== WHAT IS BEING ASKED ==
Using the listing below, copy exactly each line from the one that has "an above ground" through the one that has "Police speak to"; omit the pictures.

== RECORDS FOR THIS EXERCISE ==
+---+
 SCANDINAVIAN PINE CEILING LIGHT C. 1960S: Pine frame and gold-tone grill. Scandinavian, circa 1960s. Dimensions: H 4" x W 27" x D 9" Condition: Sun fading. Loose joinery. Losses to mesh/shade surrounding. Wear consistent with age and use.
+---+
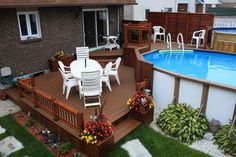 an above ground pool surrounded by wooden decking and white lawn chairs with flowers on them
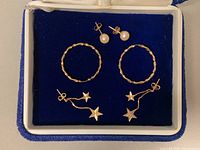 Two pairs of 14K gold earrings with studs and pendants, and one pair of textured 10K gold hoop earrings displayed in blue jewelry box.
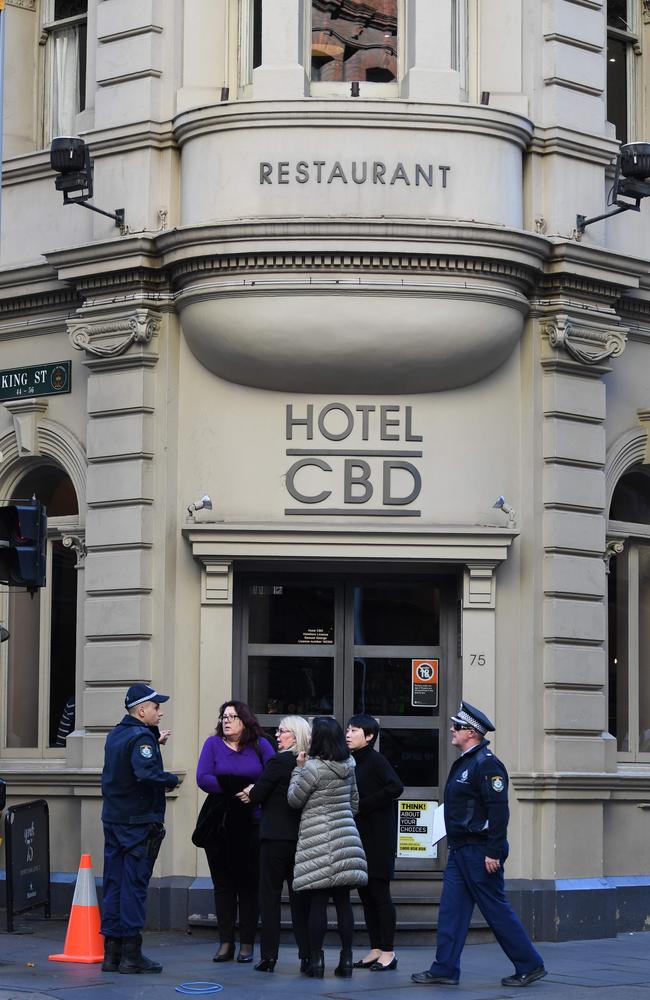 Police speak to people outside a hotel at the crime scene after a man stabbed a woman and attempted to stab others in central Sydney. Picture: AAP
+---+
== EXERCISE RESULT ==
 an above ground pool surrounded by wooden decking and white lawn chairs with flowers on them
 Two pairs of 14K gold earrings with studs and pendants, and one pair of textured 10K gold hoop earrings displayed in blue jewelry box.
 Police speak to people outside a hotel at the crime scene after a man stabbed a woman and attempted to stab others in central Sydney. Picture: AAP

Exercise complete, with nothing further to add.